I am a packrat.
I have a hard time throwing things away. I have a great time accumulating baubles and hoo-hahs.
When it comes to moving, this is not a welcome trait. When you move, you pay by an estimate of the weight the truck will carry. I have somewhere in the neighborhood of 25-30 long boxes of comics. According to comicpriceguide.com, I have somewhere near 5,200 comics. This doesn't include my graphic novel collection. Or action figures. Or signed Noel Neill photos. Or Superman and Batman related videos. And my super cool statues, props, etc...
A lot of people are surprised we aren't planning to move into a rental place until we find a house. "Put it in storage" they keep telling me.
It's not that I can't bear to think of my comics living in Public Storage for a year or two. Rather, I'm much more concerned that if we rented, then bought a place and moved again, it would mean I would have to move all of this junk twice. That's a lot of heavy lifting without the help of the surly moving guys who we plan to hire.
Why surly? I have learned in my moves that the moving guys will hate me for moving what is essentially boxes and boxes of paper. Paper is heavy, Leaguers. Maybe not "box of lead" heavy, but it's almost water heavy. There's few things that runs a chill up my spine more than the look of desperation rolling over the face of the movers when they see my comics.
"Is that all books?"
As much as they don't want to have to lift all that weight, I don't want for them to manhandle those boxes of precious, precious comics. Or my toys. Or, you know, my amazing statues.
Such is the fate of the mover who takes on our house. Sure, we're not exactly moving the Library at Alexandria, but I guess most people don't intentionally keep crates of paper around. Or books.
Dear Mr. Mover,
Please love my comics, too.
We met with our final realtor last night. The bottom line is that we should have sold last Spring if we wanted to make the big bucks. Now it's going to be a game of figuring out how to still make money, but price the house low enough that it can move faster than the other houses in our neighborhood. (our neighborhood has a total of 6 models, I believe, with 2 or 3 around our same square footage). So if we were to undercut everybody else, we might move our house a lot faster. I feel okay about that as I think all we're doing is beating everyone else already on the market to an inevitable sales point. On the other hand, we might also drive down the price of every house in our neighborhood.
Well, maybe they should have thought of that before they didn't talk to us for the past four years. Screw you, neighbors!
I just want to sell and go. Is that so wrong?
My boss posted my position yesterday. I was curious as to how the job would read, and while I would have flip-flopped the order of the responsibilities listed, I thought they came up with a surprisingly accurate description of what I do. Sort of. They didn't include the "Shadow Puppet Theatre" I like to do when the projector is turned on in the conference room.

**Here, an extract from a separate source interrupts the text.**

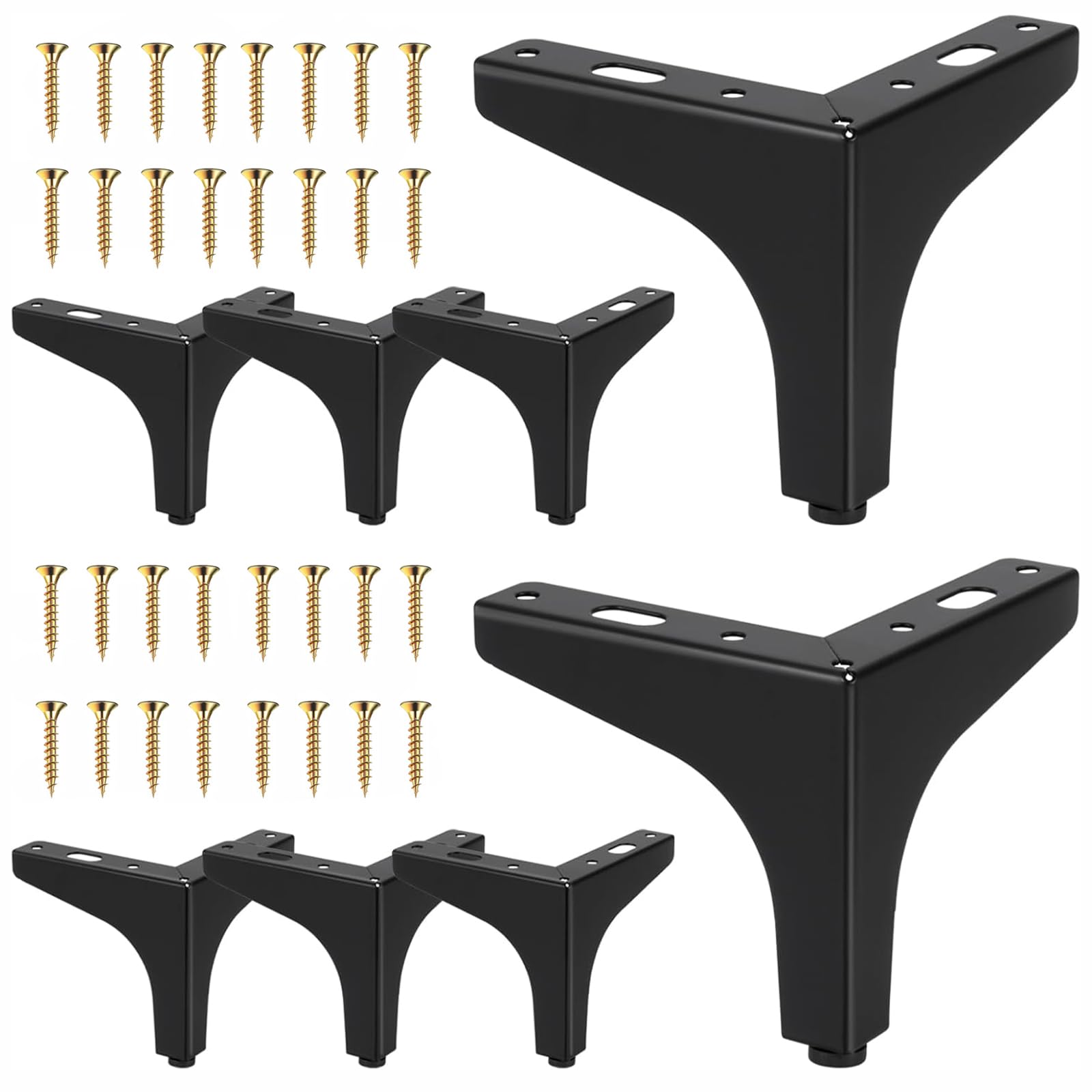 LSRVNM 8 Pcs 10cm Metal Furniture Legs, Modern Style Furniture Sofa Legs, DIY Replacement Furniture Feet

The description also does not include that in April I was named the Assistant Fire Chief for my office. No, really. If our Admin Assistant is somehow unable to perform her Fire Chief duties, I am next on tap to usher my co-workers out of the building. Who shall convince the Director to get off the phone when the alarm goes off if not I? Because that happened back in February during an actual fire. Guy wouldn't get off the phone and there were flames in the elevator shaft. That, Leaguers, is dedication.
Jim D. has suggested I write a novel or meoir or something regarding the move. I have mixed feelings on this as I sincerely hope that nothing exciting enough to warrant a novel will happen during my move. Is it too much to hope for a smooth transition?